Of the material below, only the lines from the line containing "BADINKA Tearing Me" down to the line containing "Todd Snyder NY" belong in the answer, written out exactly.

**Source data**
"""

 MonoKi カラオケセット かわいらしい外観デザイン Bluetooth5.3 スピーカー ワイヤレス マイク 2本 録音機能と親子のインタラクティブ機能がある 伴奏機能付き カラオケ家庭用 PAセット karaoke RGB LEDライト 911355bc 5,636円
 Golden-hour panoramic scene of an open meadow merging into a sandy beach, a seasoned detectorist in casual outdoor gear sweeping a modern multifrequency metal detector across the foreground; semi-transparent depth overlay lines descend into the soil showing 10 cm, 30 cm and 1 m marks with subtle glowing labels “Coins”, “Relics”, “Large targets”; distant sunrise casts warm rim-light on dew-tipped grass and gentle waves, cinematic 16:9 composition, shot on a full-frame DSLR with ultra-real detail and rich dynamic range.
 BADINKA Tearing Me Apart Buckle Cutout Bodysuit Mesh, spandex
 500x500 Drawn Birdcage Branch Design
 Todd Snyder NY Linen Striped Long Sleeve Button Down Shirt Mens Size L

"""
"""

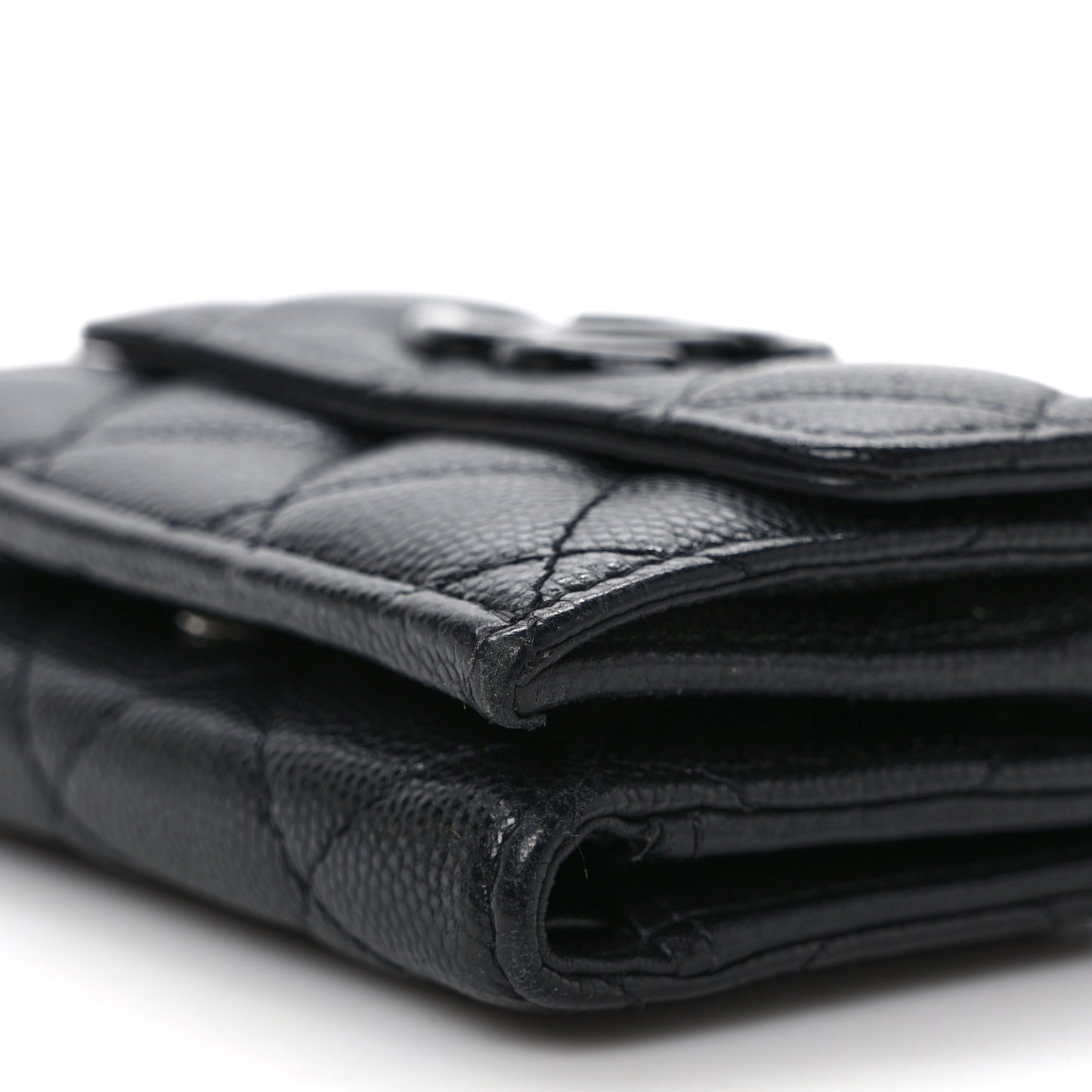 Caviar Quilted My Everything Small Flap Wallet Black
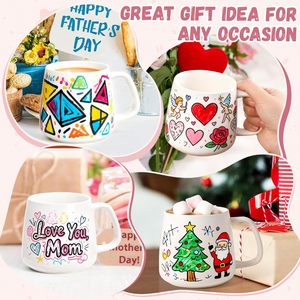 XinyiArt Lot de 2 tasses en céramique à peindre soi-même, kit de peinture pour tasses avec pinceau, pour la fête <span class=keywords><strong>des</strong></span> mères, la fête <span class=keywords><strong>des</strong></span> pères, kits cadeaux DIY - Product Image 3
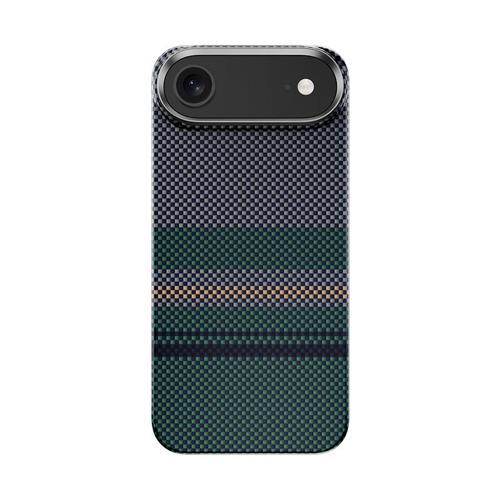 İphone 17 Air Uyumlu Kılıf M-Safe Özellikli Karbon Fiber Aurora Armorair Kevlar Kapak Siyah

"""

**Reply to the exercise**
 BADINKA Tearing Me Apart Buckle Cutout Bodysuit Mesh, spandex
 500x500 Drawn Birdcage Branch Design
 Todd Snyder NY Linen Striped Long Sleeve Button Down Shirt Mens Size L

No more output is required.